Se espera una nueva creciente de dos a cuatro metros esta noche por agua que baja de las montañas. La gente tiene que evacuar, dijo el presidente Juan Orlando Hernández en cadena nacional aunque los habitantes de las colonias inundadas aseguran que “el agua de la montaña· es en realidad agua de las descargas de la represa El Cajón. El gobernante pide evacuar, pero no da equipo ni soluciones para llevar a cabo las evacuaciones que exige en su presentación televisiva.

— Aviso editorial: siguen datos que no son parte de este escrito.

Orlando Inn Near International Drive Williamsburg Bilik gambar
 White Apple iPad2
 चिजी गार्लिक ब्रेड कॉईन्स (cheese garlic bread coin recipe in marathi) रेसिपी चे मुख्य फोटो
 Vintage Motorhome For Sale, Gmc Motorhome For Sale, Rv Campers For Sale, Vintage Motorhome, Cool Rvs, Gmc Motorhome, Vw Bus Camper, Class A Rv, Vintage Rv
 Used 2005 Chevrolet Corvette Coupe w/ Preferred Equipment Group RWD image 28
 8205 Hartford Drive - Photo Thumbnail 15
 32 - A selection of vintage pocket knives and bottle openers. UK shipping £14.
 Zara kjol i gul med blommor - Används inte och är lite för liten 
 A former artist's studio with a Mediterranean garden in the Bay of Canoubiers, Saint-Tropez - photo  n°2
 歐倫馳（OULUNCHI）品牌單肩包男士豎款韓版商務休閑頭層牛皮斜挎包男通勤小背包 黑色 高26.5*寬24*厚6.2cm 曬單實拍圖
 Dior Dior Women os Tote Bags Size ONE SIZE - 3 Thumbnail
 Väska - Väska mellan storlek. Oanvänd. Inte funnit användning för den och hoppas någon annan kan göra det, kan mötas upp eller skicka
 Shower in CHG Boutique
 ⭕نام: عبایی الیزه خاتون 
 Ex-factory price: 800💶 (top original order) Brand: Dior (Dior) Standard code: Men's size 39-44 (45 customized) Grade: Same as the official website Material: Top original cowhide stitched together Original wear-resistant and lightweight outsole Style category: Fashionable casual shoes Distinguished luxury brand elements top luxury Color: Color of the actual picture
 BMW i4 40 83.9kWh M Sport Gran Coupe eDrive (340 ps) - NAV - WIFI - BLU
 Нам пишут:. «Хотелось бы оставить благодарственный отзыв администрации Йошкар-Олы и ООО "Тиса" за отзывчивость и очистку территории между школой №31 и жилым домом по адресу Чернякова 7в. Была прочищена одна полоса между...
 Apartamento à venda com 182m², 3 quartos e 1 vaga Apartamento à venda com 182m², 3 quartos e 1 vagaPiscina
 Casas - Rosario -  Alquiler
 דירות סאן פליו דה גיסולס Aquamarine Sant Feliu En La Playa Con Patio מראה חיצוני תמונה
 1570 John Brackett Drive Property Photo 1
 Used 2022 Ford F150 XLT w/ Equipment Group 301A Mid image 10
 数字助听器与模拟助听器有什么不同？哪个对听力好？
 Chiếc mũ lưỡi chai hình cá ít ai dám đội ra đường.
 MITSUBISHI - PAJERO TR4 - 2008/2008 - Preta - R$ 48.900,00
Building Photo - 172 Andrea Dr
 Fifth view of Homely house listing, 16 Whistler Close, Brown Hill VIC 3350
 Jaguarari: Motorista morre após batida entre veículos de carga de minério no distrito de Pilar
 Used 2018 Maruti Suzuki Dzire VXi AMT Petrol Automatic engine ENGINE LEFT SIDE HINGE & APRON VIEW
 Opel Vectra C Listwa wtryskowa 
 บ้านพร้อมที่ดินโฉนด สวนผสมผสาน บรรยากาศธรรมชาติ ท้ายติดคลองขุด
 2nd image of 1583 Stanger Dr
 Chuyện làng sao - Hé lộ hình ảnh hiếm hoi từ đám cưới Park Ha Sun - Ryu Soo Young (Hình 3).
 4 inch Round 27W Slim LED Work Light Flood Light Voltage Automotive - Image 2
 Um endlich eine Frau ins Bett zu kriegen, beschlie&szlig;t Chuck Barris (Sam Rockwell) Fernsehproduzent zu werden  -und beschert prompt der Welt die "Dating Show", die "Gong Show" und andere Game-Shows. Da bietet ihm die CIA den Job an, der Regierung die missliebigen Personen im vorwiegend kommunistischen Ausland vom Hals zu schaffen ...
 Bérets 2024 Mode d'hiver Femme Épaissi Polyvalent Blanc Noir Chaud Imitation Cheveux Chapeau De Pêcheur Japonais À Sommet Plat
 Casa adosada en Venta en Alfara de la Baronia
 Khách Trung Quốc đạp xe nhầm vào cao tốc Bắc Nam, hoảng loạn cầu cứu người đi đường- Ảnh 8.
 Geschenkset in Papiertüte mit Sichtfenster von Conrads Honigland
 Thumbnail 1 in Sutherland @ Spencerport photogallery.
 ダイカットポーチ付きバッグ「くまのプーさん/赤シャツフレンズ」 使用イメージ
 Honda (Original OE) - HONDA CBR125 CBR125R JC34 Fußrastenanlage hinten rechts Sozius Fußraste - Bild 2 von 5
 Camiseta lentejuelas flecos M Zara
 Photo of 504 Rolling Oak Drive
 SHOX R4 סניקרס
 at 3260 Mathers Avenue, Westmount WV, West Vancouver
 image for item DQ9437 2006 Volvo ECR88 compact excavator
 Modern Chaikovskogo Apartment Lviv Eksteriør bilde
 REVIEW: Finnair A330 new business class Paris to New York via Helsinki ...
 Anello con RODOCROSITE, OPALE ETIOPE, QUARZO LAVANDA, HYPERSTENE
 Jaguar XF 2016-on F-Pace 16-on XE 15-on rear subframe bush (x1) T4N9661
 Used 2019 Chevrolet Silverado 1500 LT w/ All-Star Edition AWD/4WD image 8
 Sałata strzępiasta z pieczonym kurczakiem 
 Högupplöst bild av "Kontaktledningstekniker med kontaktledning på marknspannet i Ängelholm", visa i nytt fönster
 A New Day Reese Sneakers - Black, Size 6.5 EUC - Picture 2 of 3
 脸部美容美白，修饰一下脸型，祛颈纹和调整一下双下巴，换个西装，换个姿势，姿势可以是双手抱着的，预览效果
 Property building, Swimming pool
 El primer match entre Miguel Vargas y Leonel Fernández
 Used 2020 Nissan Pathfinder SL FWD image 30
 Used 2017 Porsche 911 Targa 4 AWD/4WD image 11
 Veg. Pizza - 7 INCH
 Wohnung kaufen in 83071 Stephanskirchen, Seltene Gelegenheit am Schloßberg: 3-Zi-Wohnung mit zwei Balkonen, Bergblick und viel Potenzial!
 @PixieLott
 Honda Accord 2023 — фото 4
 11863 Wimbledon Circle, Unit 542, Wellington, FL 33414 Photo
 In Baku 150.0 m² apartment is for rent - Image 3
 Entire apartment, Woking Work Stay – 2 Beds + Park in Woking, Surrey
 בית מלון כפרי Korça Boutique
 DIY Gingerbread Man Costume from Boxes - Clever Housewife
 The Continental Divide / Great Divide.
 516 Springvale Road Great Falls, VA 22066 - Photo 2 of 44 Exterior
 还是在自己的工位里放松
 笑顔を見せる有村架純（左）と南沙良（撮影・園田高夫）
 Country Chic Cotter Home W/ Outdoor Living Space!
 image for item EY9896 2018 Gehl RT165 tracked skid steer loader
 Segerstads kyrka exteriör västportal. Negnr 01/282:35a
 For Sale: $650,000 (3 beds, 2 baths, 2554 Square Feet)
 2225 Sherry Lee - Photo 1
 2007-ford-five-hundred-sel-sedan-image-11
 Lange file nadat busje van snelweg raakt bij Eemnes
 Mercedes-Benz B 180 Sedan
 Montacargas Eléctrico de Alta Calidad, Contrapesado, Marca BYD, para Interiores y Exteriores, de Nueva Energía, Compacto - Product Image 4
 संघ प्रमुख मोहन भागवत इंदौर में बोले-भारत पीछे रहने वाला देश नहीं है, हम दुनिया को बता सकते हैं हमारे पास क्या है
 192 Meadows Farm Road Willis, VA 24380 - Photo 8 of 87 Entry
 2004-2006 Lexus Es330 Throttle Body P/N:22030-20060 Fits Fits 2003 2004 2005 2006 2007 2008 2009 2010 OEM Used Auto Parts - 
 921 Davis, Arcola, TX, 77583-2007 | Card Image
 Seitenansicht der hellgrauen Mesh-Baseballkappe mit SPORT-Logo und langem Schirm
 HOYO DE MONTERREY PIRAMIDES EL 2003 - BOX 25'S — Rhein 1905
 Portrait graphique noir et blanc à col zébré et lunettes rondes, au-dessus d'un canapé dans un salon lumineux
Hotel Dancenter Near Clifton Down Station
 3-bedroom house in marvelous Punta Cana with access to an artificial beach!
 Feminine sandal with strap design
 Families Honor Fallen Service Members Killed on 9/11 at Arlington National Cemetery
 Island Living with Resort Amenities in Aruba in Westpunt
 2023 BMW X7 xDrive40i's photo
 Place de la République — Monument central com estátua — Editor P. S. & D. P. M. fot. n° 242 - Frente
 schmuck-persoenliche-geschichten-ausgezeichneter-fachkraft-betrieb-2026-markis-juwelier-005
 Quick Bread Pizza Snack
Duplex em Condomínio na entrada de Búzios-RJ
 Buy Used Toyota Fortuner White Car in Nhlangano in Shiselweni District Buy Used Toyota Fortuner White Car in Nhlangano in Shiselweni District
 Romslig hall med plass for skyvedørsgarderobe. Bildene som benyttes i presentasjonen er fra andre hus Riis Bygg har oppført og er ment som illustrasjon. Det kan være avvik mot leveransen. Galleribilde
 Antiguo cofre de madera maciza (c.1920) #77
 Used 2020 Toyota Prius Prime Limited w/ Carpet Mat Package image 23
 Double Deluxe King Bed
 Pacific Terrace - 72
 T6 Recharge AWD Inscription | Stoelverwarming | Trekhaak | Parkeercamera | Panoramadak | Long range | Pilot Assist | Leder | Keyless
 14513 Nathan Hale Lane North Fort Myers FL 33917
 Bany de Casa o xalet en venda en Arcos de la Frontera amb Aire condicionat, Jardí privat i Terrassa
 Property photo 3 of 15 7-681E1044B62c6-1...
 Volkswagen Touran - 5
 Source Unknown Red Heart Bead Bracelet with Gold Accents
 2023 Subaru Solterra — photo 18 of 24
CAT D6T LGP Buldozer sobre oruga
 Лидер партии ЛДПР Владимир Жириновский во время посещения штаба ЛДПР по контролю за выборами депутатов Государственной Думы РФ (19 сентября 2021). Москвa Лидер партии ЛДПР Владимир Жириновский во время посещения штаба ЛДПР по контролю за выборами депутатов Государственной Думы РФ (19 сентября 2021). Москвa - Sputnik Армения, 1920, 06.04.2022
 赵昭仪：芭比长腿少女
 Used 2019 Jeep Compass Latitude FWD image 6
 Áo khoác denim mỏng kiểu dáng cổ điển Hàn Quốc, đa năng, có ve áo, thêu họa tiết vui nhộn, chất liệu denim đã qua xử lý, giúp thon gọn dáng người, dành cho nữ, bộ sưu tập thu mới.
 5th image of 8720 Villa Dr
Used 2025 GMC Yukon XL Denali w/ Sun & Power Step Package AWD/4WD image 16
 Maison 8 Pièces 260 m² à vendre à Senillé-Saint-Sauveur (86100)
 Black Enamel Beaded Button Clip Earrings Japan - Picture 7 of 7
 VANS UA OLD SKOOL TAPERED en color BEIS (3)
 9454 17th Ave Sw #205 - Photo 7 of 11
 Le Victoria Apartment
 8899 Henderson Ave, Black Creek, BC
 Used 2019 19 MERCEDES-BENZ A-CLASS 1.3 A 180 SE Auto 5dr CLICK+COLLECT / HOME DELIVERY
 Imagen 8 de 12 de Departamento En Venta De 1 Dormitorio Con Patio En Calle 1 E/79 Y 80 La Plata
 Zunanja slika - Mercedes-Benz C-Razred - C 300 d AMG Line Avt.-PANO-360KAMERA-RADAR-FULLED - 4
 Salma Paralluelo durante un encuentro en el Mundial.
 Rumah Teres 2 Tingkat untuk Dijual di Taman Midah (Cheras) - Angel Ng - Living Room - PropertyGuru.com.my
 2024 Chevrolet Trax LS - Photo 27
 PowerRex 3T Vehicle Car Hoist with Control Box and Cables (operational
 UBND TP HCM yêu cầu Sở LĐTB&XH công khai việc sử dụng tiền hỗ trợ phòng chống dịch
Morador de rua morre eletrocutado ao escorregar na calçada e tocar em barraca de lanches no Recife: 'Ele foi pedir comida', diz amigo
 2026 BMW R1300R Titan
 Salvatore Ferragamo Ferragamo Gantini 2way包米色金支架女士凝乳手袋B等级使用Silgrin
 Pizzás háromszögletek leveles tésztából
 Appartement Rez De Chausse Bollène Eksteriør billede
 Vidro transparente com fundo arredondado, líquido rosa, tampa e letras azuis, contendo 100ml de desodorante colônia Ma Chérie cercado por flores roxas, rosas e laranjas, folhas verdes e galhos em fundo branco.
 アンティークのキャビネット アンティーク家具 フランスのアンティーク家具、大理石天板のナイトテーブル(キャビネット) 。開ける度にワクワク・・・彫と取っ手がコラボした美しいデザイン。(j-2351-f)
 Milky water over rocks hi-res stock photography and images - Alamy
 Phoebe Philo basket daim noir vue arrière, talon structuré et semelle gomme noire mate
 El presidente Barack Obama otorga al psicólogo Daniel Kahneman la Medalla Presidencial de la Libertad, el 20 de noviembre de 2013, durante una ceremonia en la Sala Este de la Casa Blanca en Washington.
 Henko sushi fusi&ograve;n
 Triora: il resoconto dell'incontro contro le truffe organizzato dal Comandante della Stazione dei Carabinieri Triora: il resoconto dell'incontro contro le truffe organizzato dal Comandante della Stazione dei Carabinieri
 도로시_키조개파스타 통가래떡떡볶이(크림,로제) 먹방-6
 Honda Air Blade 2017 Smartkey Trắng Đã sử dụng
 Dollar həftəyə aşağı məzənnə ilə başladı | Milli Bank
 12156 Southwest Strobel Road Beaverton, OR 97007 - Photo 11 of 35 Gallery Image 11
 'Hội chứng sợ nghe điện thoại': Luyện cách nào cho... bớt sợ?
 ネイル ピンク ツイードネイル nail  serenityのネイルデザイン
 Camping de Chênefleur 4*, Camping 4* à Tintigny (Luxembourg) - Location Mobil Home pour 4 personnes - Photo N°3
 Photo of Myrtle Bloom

Las mujeres lloran en la carretera mientras esperan las lanchas y los enormes camiones que entran en las colonias Jerusalén, Planeta, Céleo Gonzales e Independencia. Son esposas, madres e hijas de personas que han quedado atrapadas en las segundas plantas de las casas o en los techos de láminas de cinc. También hay hombres que piden a gritos que los vehículos entren en los asentamientos donde viven sus parientes que han quedado a merced de las aguas. “¡Vayan a la Buenos Aires!”, “¡saquen a mis papás de la Planeta!”, “¡mi familia está en La Lima!”, exclaman todos al mismo tiempo.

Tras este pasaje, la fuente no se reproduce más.